The almond is a ubiquitous nut consumed worldwide. While almonds are often transported raw, they're rarely eaten raw as doing so can be extremely dangerous. While almonds are occasionally labelled as raw, in the United States, they aren't actually. They're usually pasteurised since the Food and Drug Administration (FDA) forbids the sale of raw almonds.
Raw almonds are self-heating. While this isn't necessarily a danger of eating a raw almond, raw almonds can light themselves on fire when stored under pressure. This is caused by the high oil content of almonds and the self-heating properties of the nut under pressure.
Raw bitter almonds, which usually aren't consumed plain are quite dangerous.

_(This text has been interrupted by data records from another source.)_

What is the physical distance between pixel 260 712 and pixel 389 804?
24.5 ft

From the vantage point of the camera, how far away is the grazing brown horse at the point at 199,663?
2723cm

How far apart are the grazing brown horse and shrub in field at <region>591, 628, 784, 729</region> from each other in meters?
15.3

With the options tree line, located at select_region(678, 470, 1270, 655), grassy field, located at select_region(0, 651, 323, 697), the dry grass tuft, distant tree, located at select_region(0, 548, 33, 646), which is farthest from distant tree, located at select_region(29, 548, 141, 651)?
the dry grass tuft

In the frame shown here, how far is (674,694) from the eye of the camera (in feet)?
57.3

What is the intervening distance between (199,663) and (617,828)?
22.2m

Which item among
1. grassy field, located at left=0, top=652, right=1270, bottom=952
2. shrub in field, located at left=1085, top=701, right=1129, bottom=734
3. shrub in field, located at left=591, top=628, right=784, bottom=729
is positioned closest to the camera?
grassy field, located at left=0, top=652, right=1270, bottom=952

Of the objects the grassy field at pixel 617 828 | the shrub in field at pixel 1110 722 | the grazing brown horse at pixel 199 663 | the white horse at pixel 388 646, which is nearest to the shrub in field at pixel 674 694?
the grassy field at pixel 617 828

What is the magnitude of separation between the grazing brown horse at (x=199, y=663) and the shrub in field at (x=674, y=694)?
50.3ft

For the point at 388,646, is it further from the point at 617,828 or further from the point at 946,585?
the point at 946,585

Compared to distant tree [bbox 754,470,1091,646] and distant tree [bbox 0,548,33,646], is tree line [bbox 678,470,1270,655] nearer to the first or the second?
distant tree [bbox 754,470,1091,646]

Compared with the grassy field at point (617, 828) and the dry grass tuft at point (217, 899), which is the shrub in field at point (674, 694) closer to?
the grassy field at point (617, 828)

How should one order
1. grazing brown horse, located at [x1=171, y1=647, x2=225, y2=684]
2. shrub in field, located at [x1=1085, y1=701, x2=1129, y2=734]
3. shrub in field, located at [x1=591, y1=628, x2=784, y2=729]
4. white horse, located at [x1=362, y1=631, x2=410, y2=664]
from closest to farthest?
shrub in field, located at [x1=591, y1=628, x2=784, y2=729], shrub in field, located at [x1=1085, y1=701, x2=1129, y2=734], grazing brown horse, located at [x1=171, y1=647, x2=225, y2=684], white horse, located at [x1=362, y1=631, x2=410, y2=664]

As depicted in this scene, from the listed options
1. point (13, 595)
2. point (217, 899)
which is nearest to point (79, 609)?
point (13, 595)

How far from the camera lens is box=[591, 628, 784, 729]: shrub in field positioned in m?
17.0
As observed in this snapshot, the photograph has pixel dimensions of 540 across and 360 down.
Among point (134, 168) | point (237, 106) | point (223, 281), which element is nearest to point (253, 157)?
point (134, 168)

Raw, bitter almonds contain amygdalin which will react with other compounds in the human digestive tract to produce Prussic acid. Even seven or eight raw bitter almonds can prove to be a fatal dose for young children. Adults are at risk too, though it's rarely fatal to adults.

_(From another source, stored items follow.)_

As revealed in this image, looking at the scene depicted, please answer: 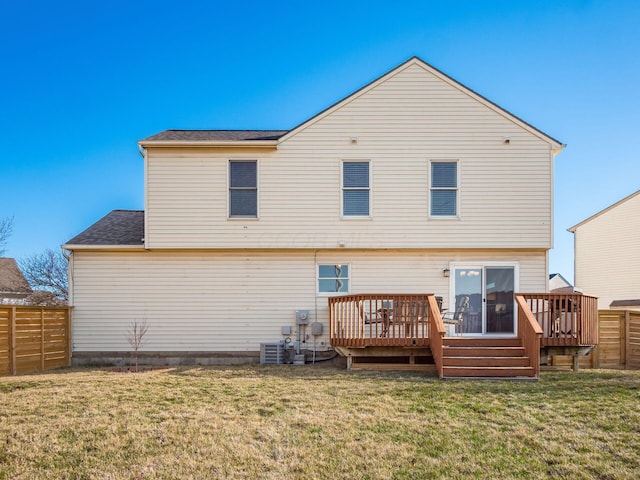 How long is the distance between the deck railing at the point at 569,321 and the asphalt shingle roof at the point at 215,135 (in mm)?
8420

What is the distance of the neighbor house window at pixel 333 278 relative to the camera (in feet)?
38.2

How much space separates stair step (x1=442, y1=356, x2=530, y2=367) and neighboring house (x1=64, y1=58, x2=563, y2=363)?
2.53 metres

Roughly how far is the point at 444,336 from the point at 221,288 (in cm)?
617

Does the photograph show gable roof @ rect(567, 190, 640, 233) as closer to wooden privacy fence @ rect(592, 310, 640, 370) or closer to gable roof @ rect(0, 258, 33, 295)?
wooden privacy fence @ rect(592, 310, 640, 370)

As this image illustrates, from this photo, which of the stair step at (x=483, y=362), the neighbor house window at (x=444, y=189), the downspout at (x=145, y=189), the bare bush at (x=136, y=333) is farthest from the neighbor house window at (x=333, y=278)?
the bare bush at (x=136, y=333)

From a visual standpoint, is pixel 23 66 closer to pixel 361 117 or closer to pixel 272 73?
pixel 272 73

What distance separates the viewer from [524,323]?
30.7 feet

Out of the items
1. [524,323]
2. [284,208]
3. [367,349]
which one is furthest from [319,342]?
[524,323]

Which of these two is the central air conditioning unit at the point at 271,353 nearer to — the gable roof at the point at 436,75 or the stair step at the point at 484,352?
the stair step at the point at 484,352

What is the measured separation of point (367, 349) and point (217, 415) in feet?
15.4

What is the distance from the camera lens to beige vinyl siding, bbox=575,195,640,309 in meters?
19.7

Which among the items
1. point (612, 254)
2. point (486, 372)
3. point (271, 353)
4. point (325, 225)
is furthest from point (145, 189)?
point (612, 254)

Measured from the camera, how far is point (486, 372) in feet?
28.3

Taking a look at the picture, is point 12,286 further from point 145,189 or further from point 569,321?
point 569,321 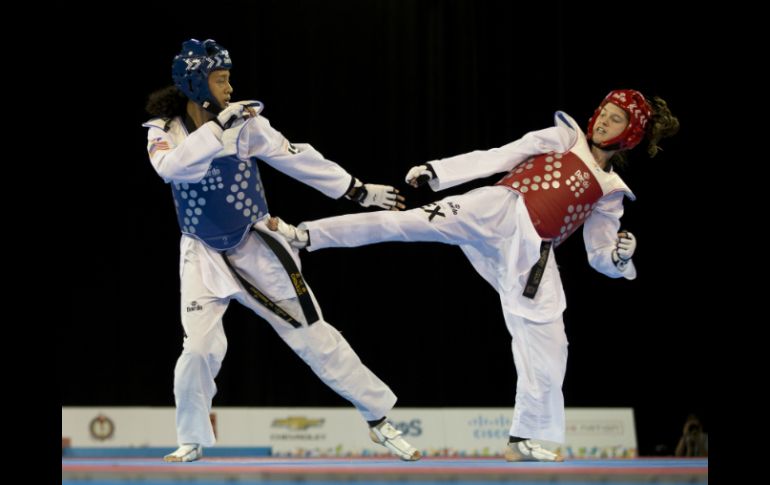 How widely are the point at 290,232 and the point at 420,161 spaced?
3.52 metres

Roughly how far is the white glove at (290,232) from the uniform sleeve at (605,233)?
4.74 ft

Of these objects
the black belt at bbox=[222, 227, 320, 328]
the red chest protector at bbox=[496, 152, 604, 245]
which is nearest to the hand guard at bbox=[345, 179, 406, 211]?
the black belt at bbox=[222, 227, 320, 328]

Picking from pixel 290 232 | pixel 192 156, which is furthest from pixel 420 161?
pixel 192 156

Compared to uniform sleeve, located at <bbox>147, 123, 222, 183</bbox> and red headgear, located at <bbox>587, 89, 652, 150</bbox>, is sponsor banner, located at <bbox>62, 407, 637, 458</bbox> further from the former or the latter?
uniform sleeve, located at <bbox>147, 123, 222, 183</bbox>

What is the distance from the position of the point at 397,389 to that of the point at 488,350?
2.63 feet

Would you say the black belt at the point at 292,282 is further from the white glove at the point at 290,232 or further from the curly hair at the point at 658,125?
the curly hair at the point at 658,125

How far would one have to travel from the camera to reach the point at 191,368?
13.0 feet

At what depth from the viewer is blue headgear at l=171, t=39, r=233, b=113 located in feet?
12.9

Almonds can be an ideal home for the mould Aspergillus. Almonds that have been tainted cannot readily be told apart from clean almonds. Aspergillus produces aflatoxin. Aflatoxin poisoning can cause fever and severe liver damage including cirrhosis and necrosis.
Untreated, raw nuts can contain pathogenic diseases, such as salmonella. Raw almonds are pasteurised to prevent this from happening. This came on the heels of a salmonella outbreak in California that was traced back to the consumption of raw almonds.